About fifty years ago, a  professional called children
like her “vegetables” because they couldn’t do anything for themselves,
and the phrase unfortunately stuck. 
Today, PVS stands for “persistent vegetative state.”  
 Melissa was certainly not
like the other children in the station wagon which picked us disabled kids up
from all over Oahu, Hawaii,  including the outlying areas around Honolulu to take us to
our respective schools. 

There are
degrees of disability, and the prejudice between these degrees can be sharper
among the disabled than they are noted among “normal people.”  The struggle to be considered as
“normal” as possible can be a vicious, even cruel yoke.  “I can play catch,” a
nine-year-old boy with hemophilia said, risking the easy breakage of his bones
and bleeding which may be hard to stop in order, just for a while, to feel like
an ordinary kid.

“I can roller skate faster
than my sister!” said Dawn, who had practiced for months, and counted the
bruises as nothing just so long as her total blindness wouldn’t stop her from
roller skating not only well but faster
than her sister.
But Melissa did none of these
things.  She was on “the
bottom” of the disability pyramid. 
Those who are thought to be, on the bottom are the little ones which
people let technology weed out by saying: “Isn’t it wonderful we can
perform tests now in the mother’s uterus that reveals disabilities so it can be
terminated?”
But someone loved Melissa.  Every day, her mother lovingly put her into
the car and kissed her goodbye.  Melissa
sat next to me day after day.  She never
said a word, or reacted in any way to anything that happened around her.
We were picked up in the morning
and driven to our different schools.
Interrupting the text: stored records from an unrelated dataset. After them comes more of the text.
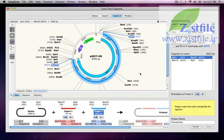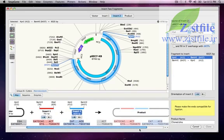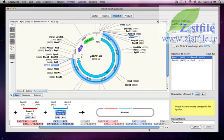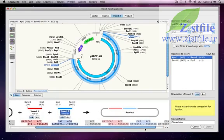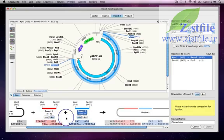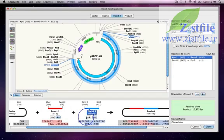Now I have my cut vector and my two inserts, but as shown in the overview at the bottom, I don't yet have a product because the inserts are facing the wrong way. So I click these buttons in the overview to flip both of the inserts. Now I have a complete product.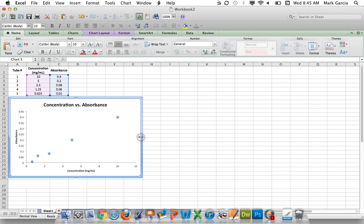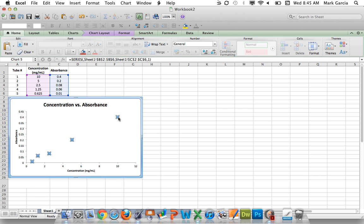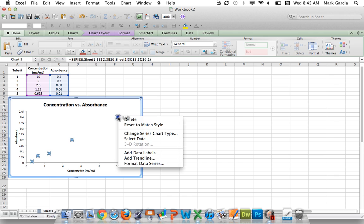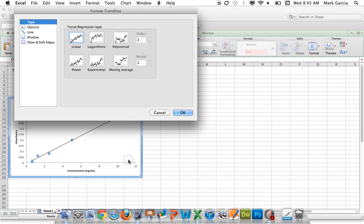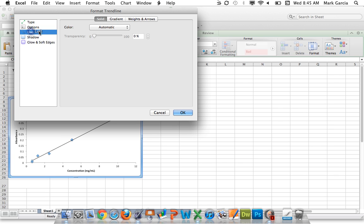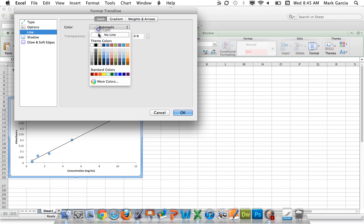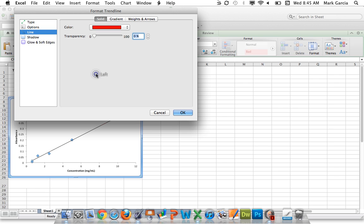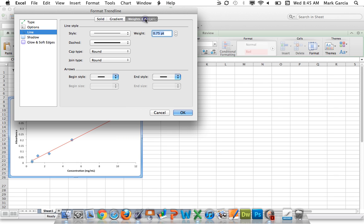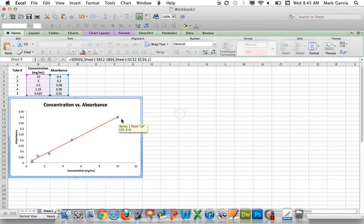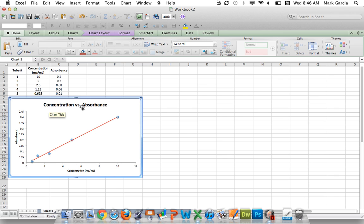Now what I'm going to do is I'm going to click on the data points, and I'm going to right-click, and I'm going to do add trendline. So that gives me a linear trendline, which is exactly what I want. I'm going to format the line. I'm actually going to make it red so it's a little more pronounced, and I'm going to click on weight and arrows. I'm going to increase the weight to 1.5 just to give it a little more heft. So there we go. This is nothing new to any of you who have watched my previous video on how to make a standard curve.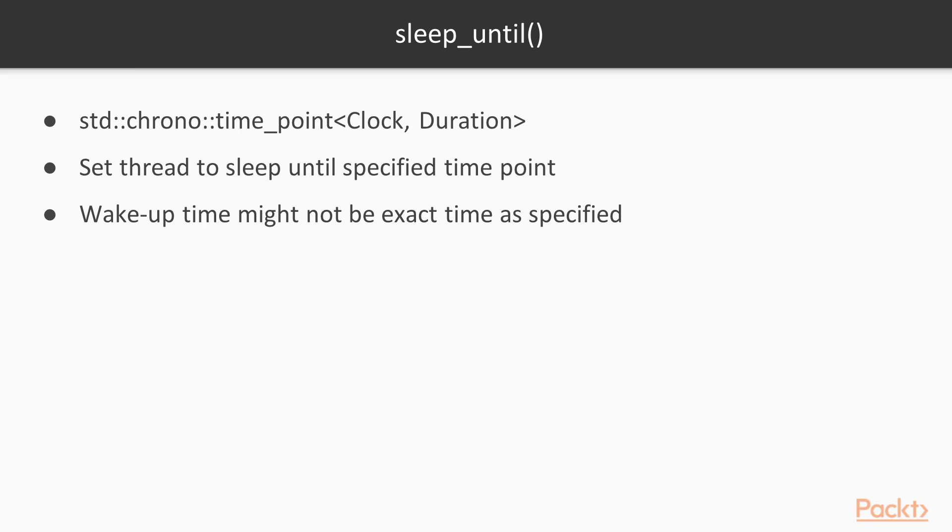The other method is sleep_until, which takes a single parameter of type std::chrono::time_point<Clock, Duration>. Using this function, one can set a thread to sleep until the specified time point has been reached. Due to the operating system scheduling priorities, this wake-up time might not be the exact time as specified.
I went 
I to the school for the deaf and the blind. But Melissa went to a school where
very little could be done for the children. 
Their disability seemed too great. 
Playing with colored balls, watching for reactions to see if things might
be going on in those poor brains, trying to stimulate any response at all —
were great steps forward.
I am ashamed to tell you this, but
many times I said: “I’m not one of them! I can count and talk and sing and
…  and do lots of things Melissa can’t
do!” What I was really saying was: “I am not so disabled as Melissa,
so I am more of a person than she is.”

At the root of all this was
fear.  What if I couldn’t be
‘normal” no matter how hard I tried? 
What if other people would not want my love because I am disabled?  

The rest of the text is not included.